After reading a bit about it, I prepared for a kernel compile, I had read about grsecurity and how it’s very commonly used so I decided to add it to my kernel plus the patch for the vmsplice exploit, I have setup a link to it here, sorry 64-bit folks, I only did it for i386/i686, even if our hardware is all 64-bit hardware, but I won’t start ranting about the software we use and how terrible the 64-bit support is. I have uploaded the kernel with grsecurity added and the patch for vmsplice here: linux-2.6.22.9-grsec-i686.tar.gz

I must admit, all of our servers are pretty fast and powerful, I mean when your lowest spec. server has the following specifications: 2x Intel Dual-Core 2.33Ghz Woodcrest CPUs, 4GB of RAM, 2TB total storage.
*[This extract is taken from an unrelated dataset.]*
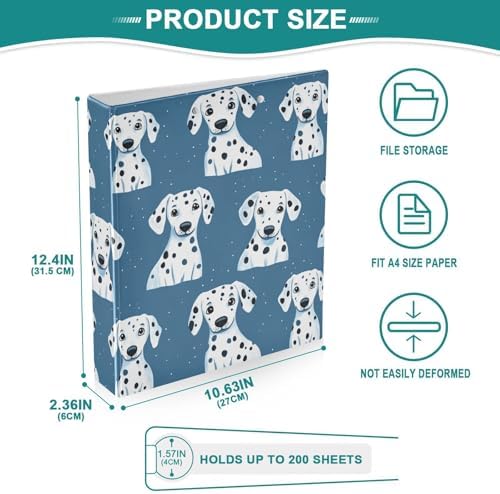 3 Ring Binder 1.5 Inch Clipboards Binders with Interior Pockets Round Ring Binder for Office Supplies and School - Image 4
Even with these specifications, kernel compiles took around 15-20 minutes, that may be fast compared to other servers however thankfully we have fast servers as I had to compile, twice, because when Linux means 4GB memory limit, it really means 2.5GB, I had to re-set the limit to 64GB for memory so the server can see all the memory.

Now, the instructions are pretty complicated at the beginning but at the end they are very straight forward, we’ll download the kernel first, you’ll either use the .config file that I had used or use your current kernel’s .config file, then a few make commands, I’ll also show how you can setup grub to fallback to your stable kernel if it actually crashes or something doesn’t work out.

mkdir /usr/src/linux
cd /usr/src/linux
wget http://files.momotonic.com/linux-2.6.22.9-grsec-i686.tar.gz
tar -xvzf linux-2.6.22.9-grsec-i686.tar.gz

The extraction should take a good few minutes as there are a lot of files to make all of these 1’s and 0’s. After that we have extracted the files, those who would want to use my configuration file can just stick with it but if you have more than 2-3GB of RAM, I’d suggest typing make menuconfig (when you are in the linux-2.6.22.9 directory), use your arrow keys to go down to “Processor type and features —>” and press Enter, then go to “High Memory Support (4GB) —>” and press Enter, select “( ) 64GB ” and press Enter, then use your right arrow to move in the bottom menu to exit, do that twice till it asks you to save the new kernel configuration, pick Yes (duh!) — If you just want to keep using your same configuration, then just copy it with this command: cp /boot/config-`uname -r` . (ofcourse, run that command in the linux-2.6.22.9 directory. You can modify a few other options and then we go to the longest process, compiling!

make
make modules_install
make install

Now, I will only cover instructions on how to do the fault-free reboot so if it does not work out, it will automatically be switched to the old kernel and everything will be like before. However, I have never worked with lilo and I’m not sure if you can do this so I will only cover instructions for doing it on grub. First, we’ll modify our /boot/grub/grub.conf file and change any of your options to the following ones

default=saved
fallback=1

Then we’ll need to modify the title for the CentOS boot and add the savedefault fallback so it should be something like the following:

title CentOS (2.6.22.9-grsec)
root (hd0,0)
kernel /boot/vmlinuz-2.6.22.9-grsec ro root=LABEL=/
initrd /boot/initrd-2.6.22.9-grsec.img
savedefault fallback

Now, we’ll first set grub to manually see that the main or default OS to run as the main operating system, in this setup, if the system does not boot up in a reasonable time, you can call your data center or use whatever method to reboot the server and it’ll boot to your old previous kernel that works fine, then you can take a look at your logs (mostly /var/log/messages) for the reason why it didn’t boot. We will need to run this command before rebooting:

echo "savedefault --default=0 --once" | grub --batch

Now you can safely reboot your server, I won’t even mention how to do that because if you do not know how to, I don’t think you should really be messing with kernels! Once you reboot, you can try re-running the exploit from milw0rm but I won’t mention on how to do that as evil minds will go and start using it.

Until then, I’m back to recompiling the kernels with 64GB memory limit because 4GB limit is actually 2.5GB!